*** Block opens ***

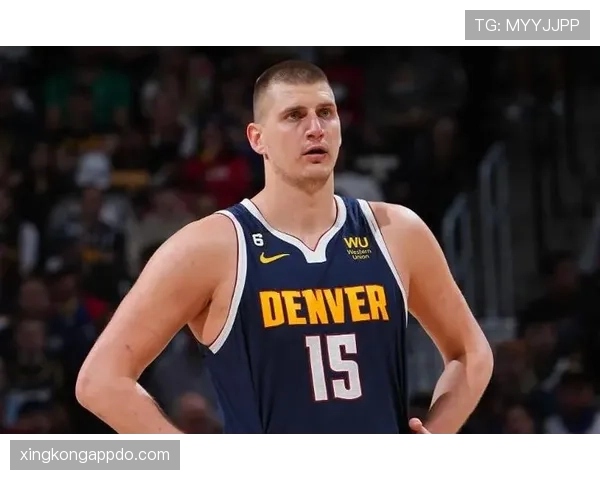 约基奇利用高位挡拆拉开空间，带动球队进攻节奏明显提升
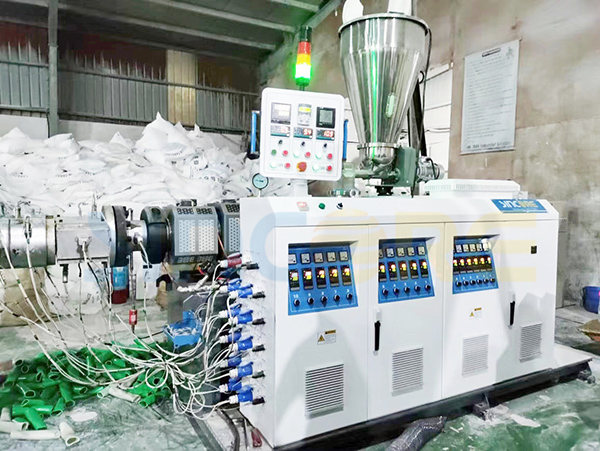 L&iacute;nea de extrusi&oacute;n de PVC de doble salida.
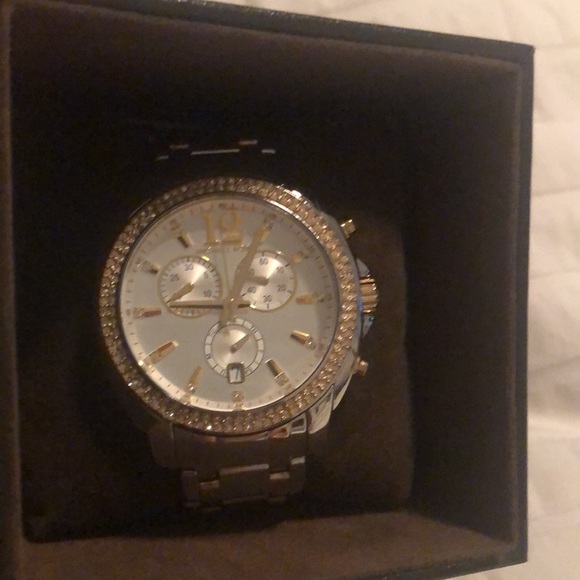 NEW***Michael Kors watch *** Not from outlet! Open to offers! No lowball please - Picture 4 of 12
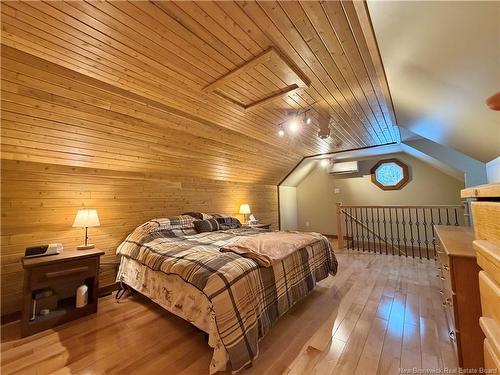 1990 Middle River Dr, Bathurst, NB 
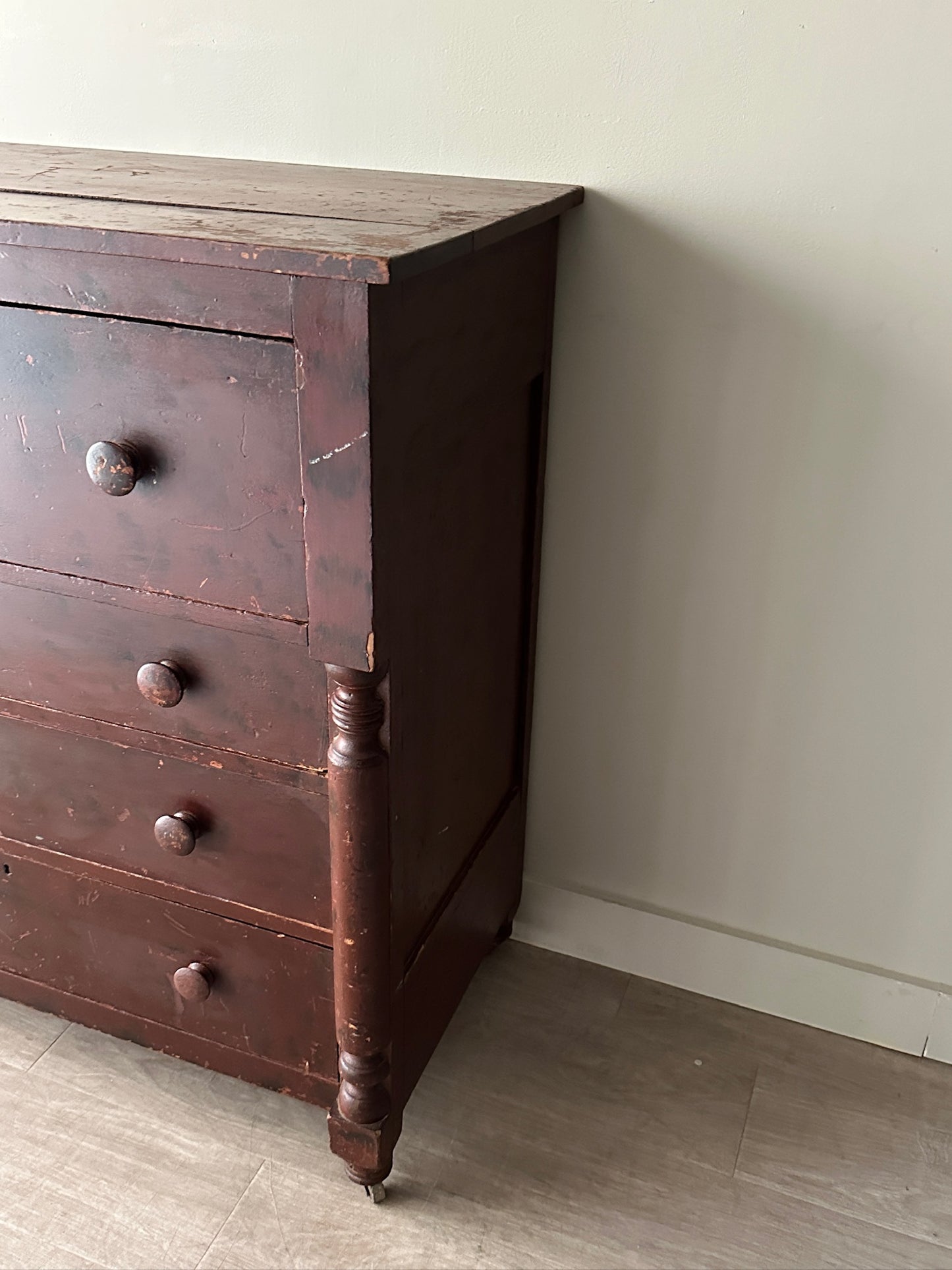 Pine empire dresser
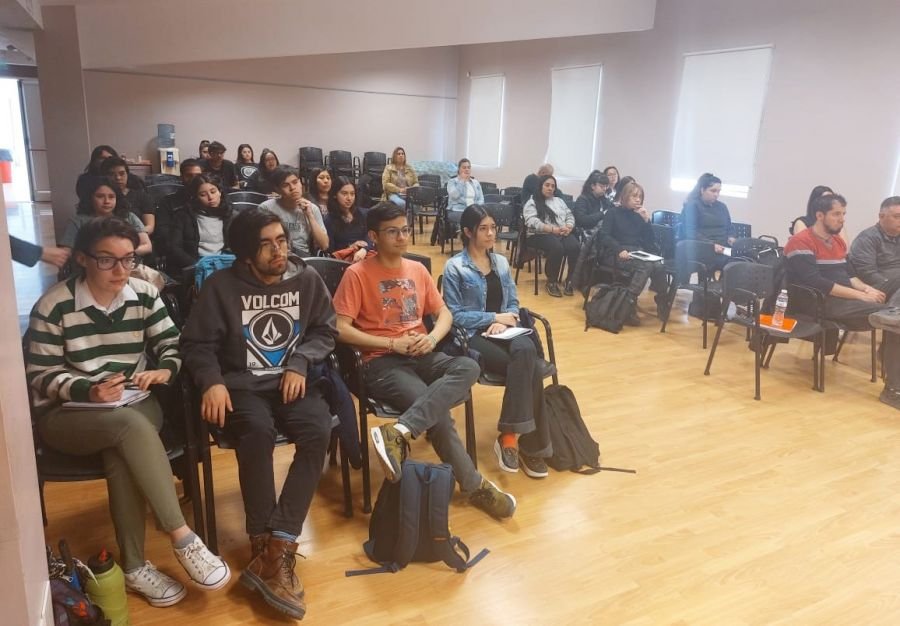 Comenzó el curso de capacitación denominado "Conociendo la Reserva Laguna Azul"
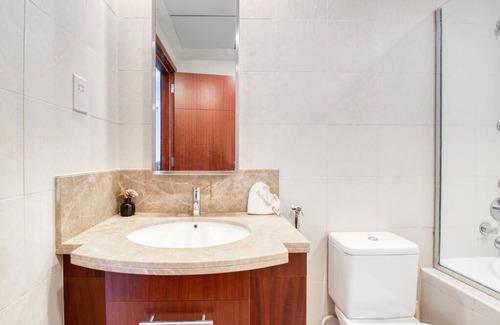 Downtown Dubai Apartment | Downtown Dubai one bed with pool and gym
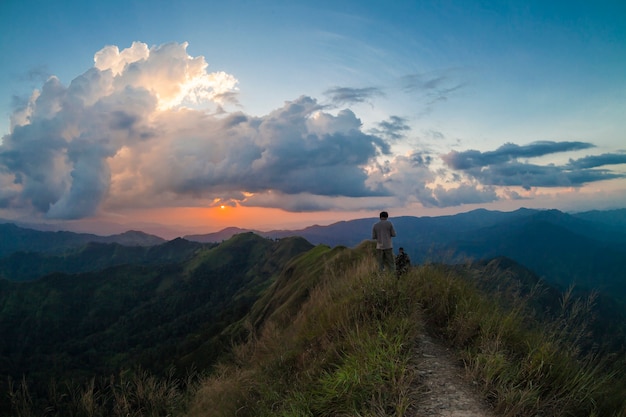 Paisagem de vista da montanha e aventura em Kanchanaburi Tailândia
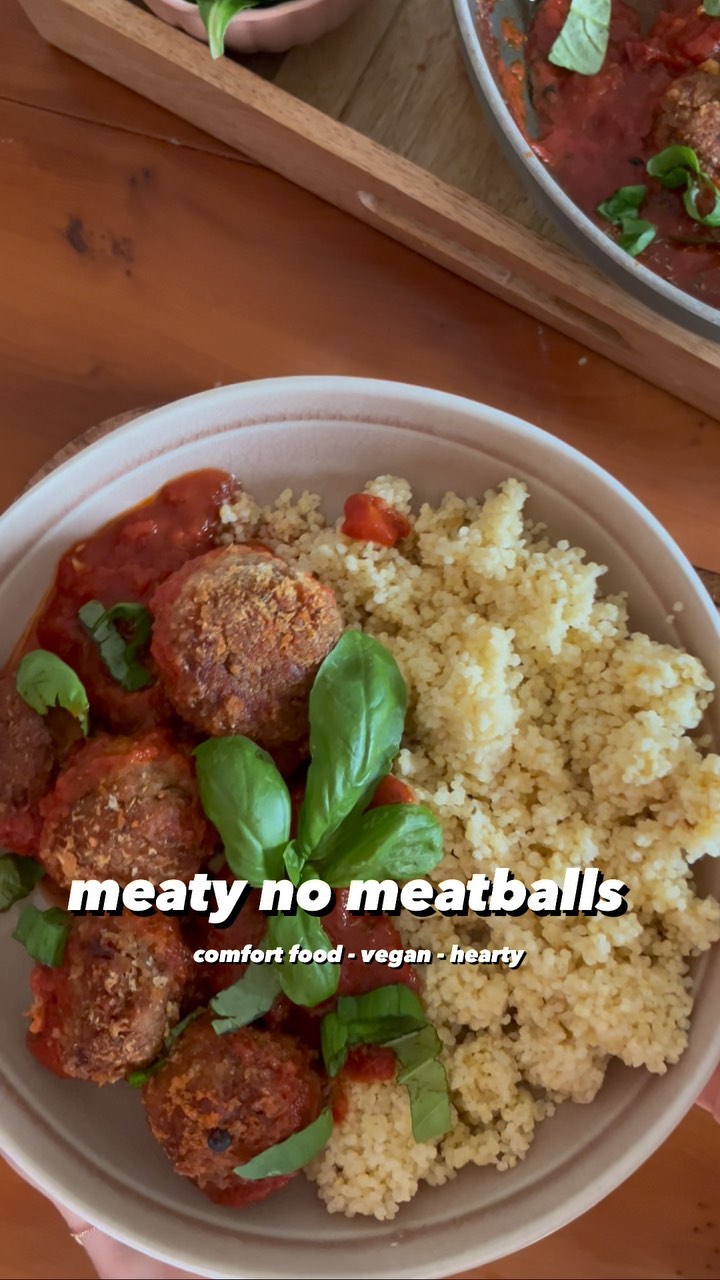 Veg soya meat balls, a healthy medium spicy option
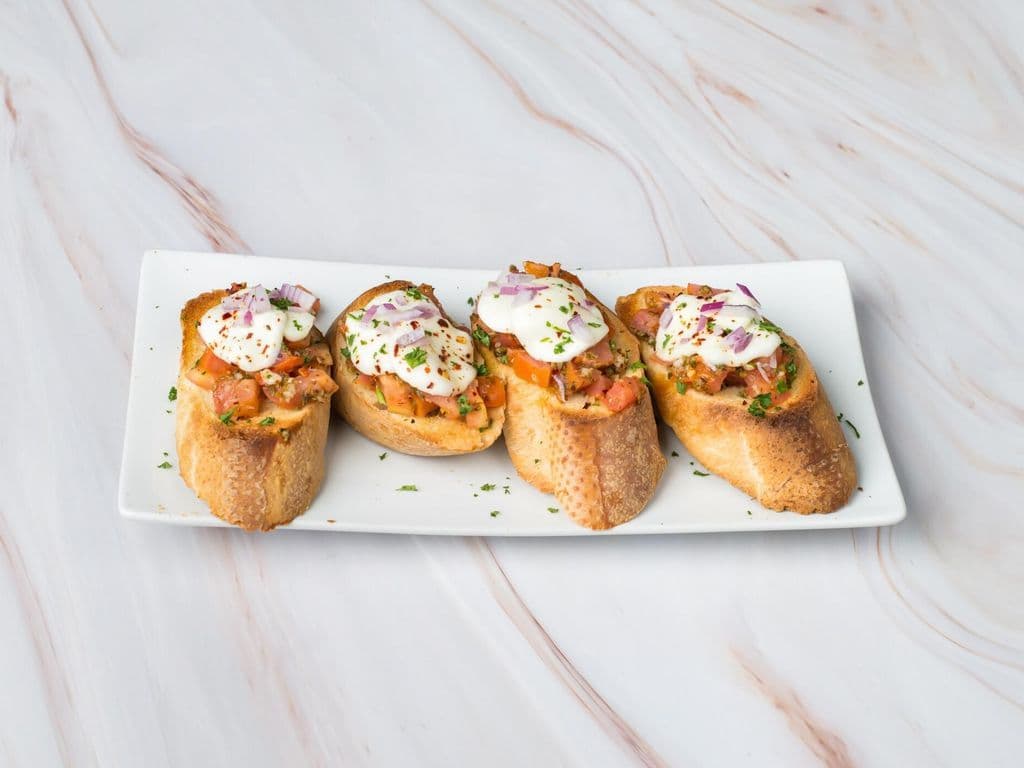 BRUSCHETTA CON BOCCONCINI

*** Block closes ***

TASK BRIEF –
What comes back should match the records exactly, minus any pictures.

RESULT OF THE TASK –
 约基奇利用高位挡拆拉开空间，带动球队进攻节奏明显提升
 L&iacute;nea de extrusi&oacute;n de PVC de doble salida.
 NEW***Michael Kors watch *** Not from outlet! Open to offers! No lowball please - Picture 4 of 12
 1990 Middle River Dr, Bathurst, NB 
 Pine empire dresser
 Comenzó el curso de capacitación denominado "Conociendo la Reserva Laguna Azul"
 Downtown Dubai Apartment | Downtown Dubai one bed with pool and gym
 Paisagem de vista da montanha e aventura em Kanchanaburi Tailândia
 Veg soya meat balls, a healthy medium spicy option
 BRUSCHETTA CON BOCCONCINI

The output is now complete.